Dataset records |
• • • •

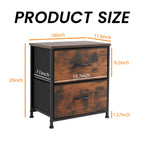 Compact 5-Drawer Fabric Dresser with Wood Top, Strong Metal Frame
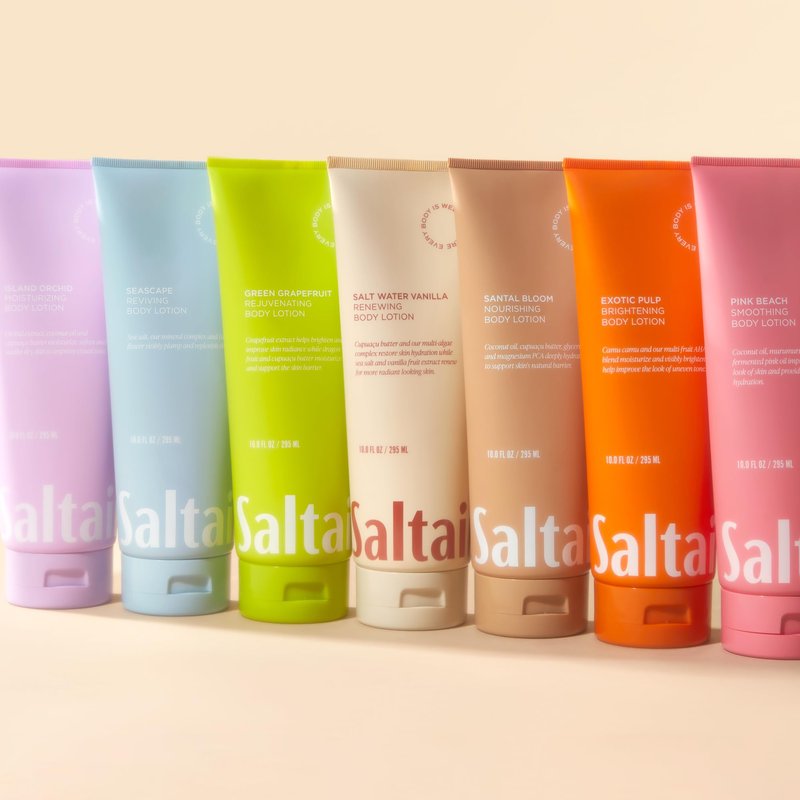 Saltair Body Lotion - 2 Pack Moisturizing Lotion For Dry Skin. Pink Beach Scented Hydrating Body Cream with Nourishing Moisturizer Formula. Skin Care for Women and Men. 2x 10oz Tubes
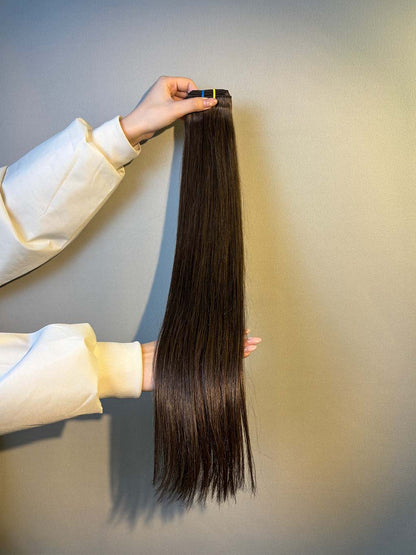 Color #1B straight human hair bundle in A+ Pro quality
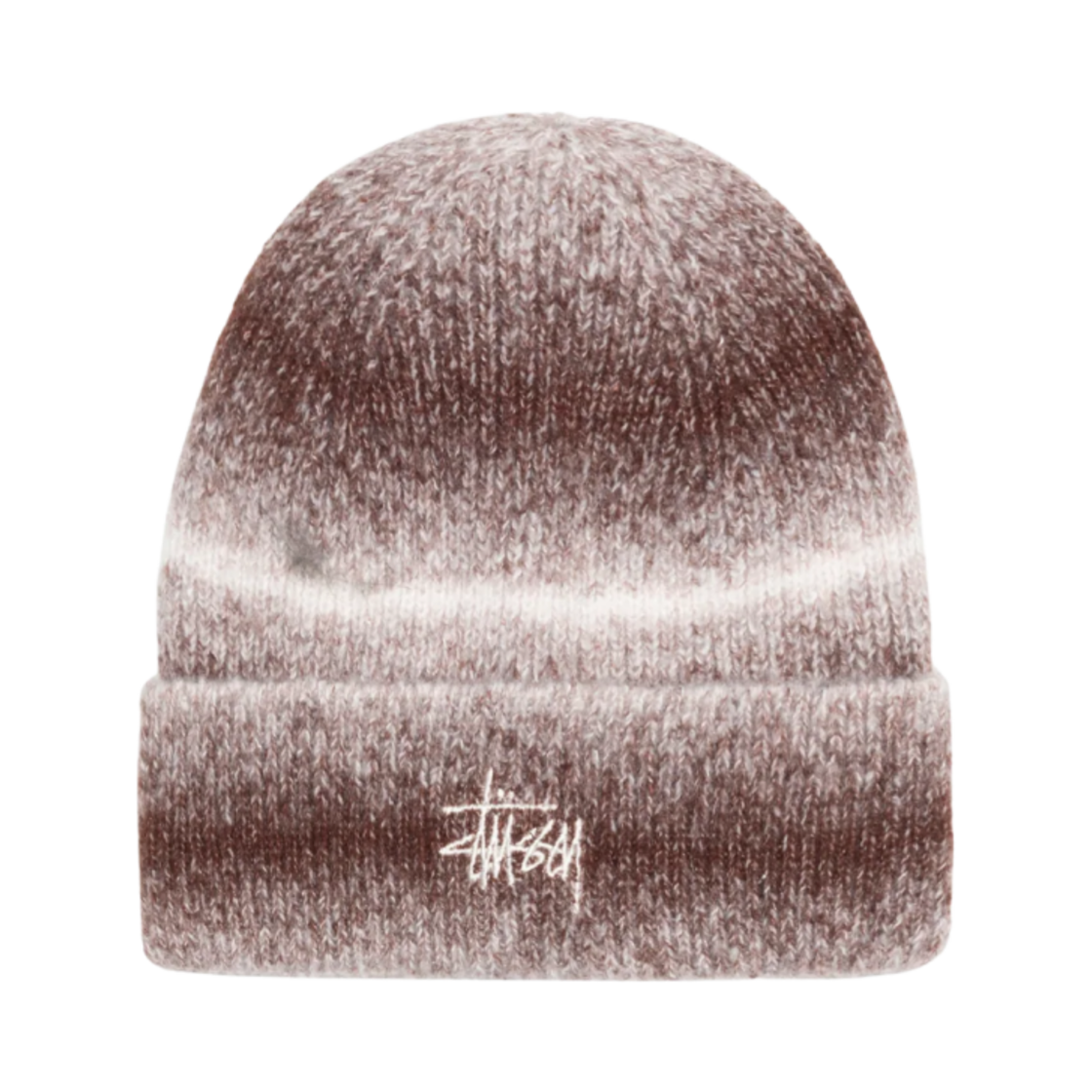 스투시 니트 스트라이프 커프 비니 브라운(Stussy Knit Stripe Cuff Beanie Brown) - 1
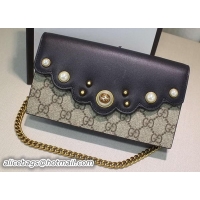 Best Quality Gucci GG Supreme mini Chain Bag 431478 Black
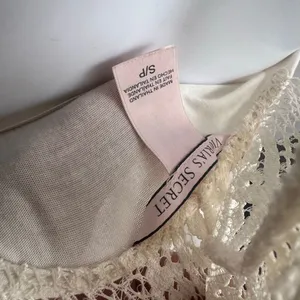 Victoria’s Secret Lace Babydoll Chemise Nightgown Pink Bow Size S thumbnail 6
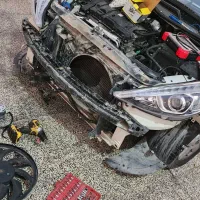 تعویض سپر و تنظیم موتور صدرا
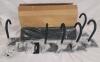 New - 9pc. Multi-Purpose Rail & Hook Track Wall Storage Kit , 48" Long .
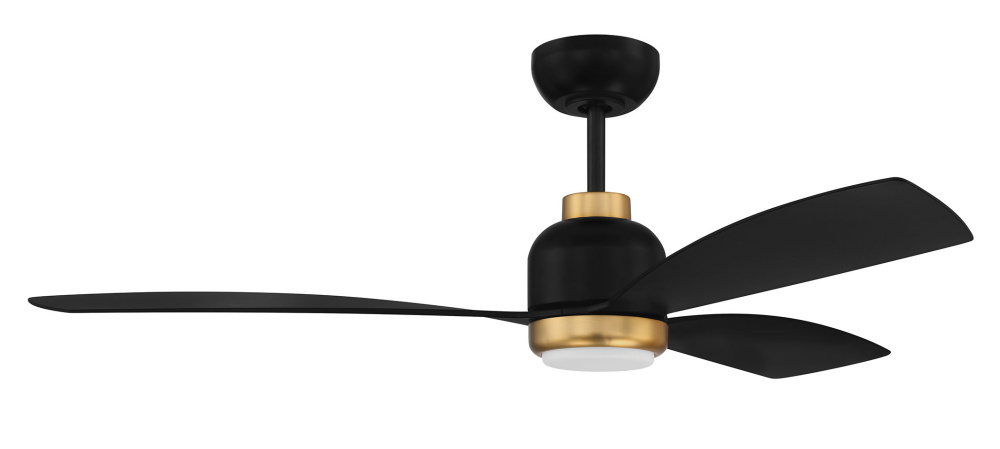 52" Ceiling Fan w/ 3 Blades, Wi-Fi & LED Light Kit, Damp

• • • •

Problem to work on |
Strip the images and return the remaining data exactly.

Reply |
 Compact 5-Drawer Fabric Dresser with Wood Top, Strong Metal Frame
 Saltair Body Lotion - 2 Pack Moisturizing Lotion For Dry Skin. Pink Beach Scented Hydrating Body Cream with Nourishing Moisturizer Formula. Skin Care for Women and Men. 2x 10oz Tubes
 Color #1B straight human hair bundle in A+ Pro quality
 스투시 니트 스트라이프 커프 비니 브라운(Stussy Knit Stripe Cuff Beanie Brown) - 1
 Best Quality Gucci GG Supreme mini Chain Bag 431478 Black
 Victoria’s Secret Lace Babydoll Chemise Nightgown Pink Bow Size S thumbnail 6
 تعویض سپر و تنظیم موتور صدرا
 New - 9pc. Multi-Purpose Rail & Hook Track Wall Storage Kit , 48" Long .
 52" Ceiling Fan w/ 3 Blades, Wi-Fi & LED Light Kit, Damp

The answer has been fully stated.